Catholic scholar defends Paul Ryan from Georgetown liberals

June 22, 2012

Catholic scholar Michael Novak defended Rep. Paul Ryan’s budget from attacks by Georgetown University professors and addressed the reasons government programs do not fix poverty in a Thursday speech at the Catholic Information Center.

Georgetown University staff sent Ryan, a Catholic, a letter on April 24 attacking his budget plan. They claim it "decimates food programs … radically weakens protections for the elderly and sick" and "gives more tax breaks to the wealthiest few." They also charged Ryan with "profoundly misreading Church teaching," and argued the bill reflected "the values of your favorite philosopher, Ayn Rand, rather than the Gospel of Jesus Christ."

Novak argued that the government programs Ryan’s budget limits, part of the "war on poverty," actually impoverish people. "The poverty problem is not a monetary problem," he explained, "but a behavioral problem of dependency." He described welfare as "a honey pot," which grows addictive.

"If you complete high school, if you work 50 weeks a year, and if you get married and stay married … you have a 97 percent chance of not being poor," Novak said. A Heartland Alliance report backs up these claims.

Novak, referring to Thomas Sowell’s book Basic Economics, said, "It’s a very inefficient way of curing poverty by building up a large bureaucracy. … You end up feeding the sparrows by feeding the horses … and the horses eat it up."

A new study by the American Enterprise Institute’s Nicholas Eberstadt shows an increase in dependency along with the increase in government over the past fifty years. "Every poverty program should have a study to judge its impact" before it is enacted, Novak argued.

"The Jesuit suggestion" among the Georgetown staff would encourage Ryan to "overlook the fact that poverty is increased by the federal government," Novak said.

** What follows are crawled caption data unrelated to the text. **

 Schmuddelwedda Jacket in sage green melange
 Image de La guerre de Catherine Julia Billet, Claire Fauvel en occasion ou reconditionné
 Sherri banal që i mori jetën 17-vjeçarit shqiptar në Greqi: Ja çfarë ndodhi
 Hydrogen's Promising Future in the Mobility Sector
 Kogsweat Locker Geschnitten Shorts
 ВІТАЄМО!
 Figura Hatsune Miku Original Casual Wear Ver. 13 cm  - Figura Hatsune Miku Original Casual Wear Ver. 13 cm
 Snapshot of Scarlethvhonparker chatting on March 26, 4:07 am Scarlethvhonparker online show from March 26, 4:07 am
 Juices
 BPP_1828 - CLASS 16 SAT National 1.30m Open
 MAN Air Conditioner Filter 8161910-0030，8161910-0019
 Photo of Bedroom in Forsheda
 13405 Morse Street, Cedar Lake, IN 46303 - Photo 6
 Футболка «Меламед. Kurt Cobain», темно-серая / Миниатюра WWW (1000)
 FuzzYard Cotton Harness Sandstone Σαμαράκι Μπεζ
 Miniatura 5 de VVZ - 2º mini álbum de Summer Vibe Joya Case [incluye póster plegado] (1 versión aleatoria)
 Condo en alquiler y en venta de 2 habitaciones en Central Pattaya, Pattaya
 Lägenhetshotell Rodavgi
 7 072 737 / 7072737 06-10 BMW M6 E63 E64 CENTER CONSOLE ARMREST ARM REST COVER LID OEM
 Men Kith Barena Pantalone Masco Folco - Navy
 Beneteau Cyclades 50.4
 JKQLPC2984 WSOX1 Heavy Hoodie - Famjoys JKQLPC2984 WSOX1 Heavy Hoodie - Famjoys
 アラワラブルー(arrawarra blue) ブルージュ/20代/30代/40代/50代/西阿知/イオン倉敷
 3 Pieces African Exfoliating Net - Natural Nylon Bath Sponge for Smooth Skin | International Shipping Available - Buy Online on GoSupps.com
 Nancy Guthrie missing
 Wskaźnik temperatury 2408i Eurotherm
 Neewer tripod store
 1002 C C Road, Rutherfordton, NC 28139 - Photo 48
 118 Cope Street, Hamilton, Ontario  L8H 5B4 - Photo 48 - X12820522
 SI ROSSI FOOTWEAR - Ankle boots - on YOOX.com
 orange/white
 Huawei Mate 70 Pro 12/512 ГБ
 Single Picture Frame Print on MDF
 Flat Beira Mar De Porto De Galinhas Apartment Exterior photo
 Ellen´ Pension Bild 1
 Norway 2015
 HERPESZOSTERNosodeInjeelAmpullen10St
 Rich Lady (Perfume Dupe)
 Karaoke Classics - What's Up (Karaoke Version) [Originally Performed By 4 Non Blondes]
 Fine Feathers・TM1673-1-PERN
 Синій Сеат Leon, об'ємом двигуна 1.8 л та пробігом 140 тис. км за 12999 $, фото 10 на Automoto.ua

Novak stressed the importance of community in alleviating poverty. "It starts with families," he explained, "politics in the family, politics in the neighborhood, politics in the community." Men and women value the respect of the significant people in their lives, Novak said. "The greatest weapon in the whole world," he argued, "is the raised eyebrow."

The difficulty now, he said, lies in the fact that "people with taste, with manners, and with good habits are afraid to insist on them."

A life-long Democrat, Novak changed his voter registration two years ago. "I always hoped the Democratic Party would change, but it’s getting worse and worse and worse," he said.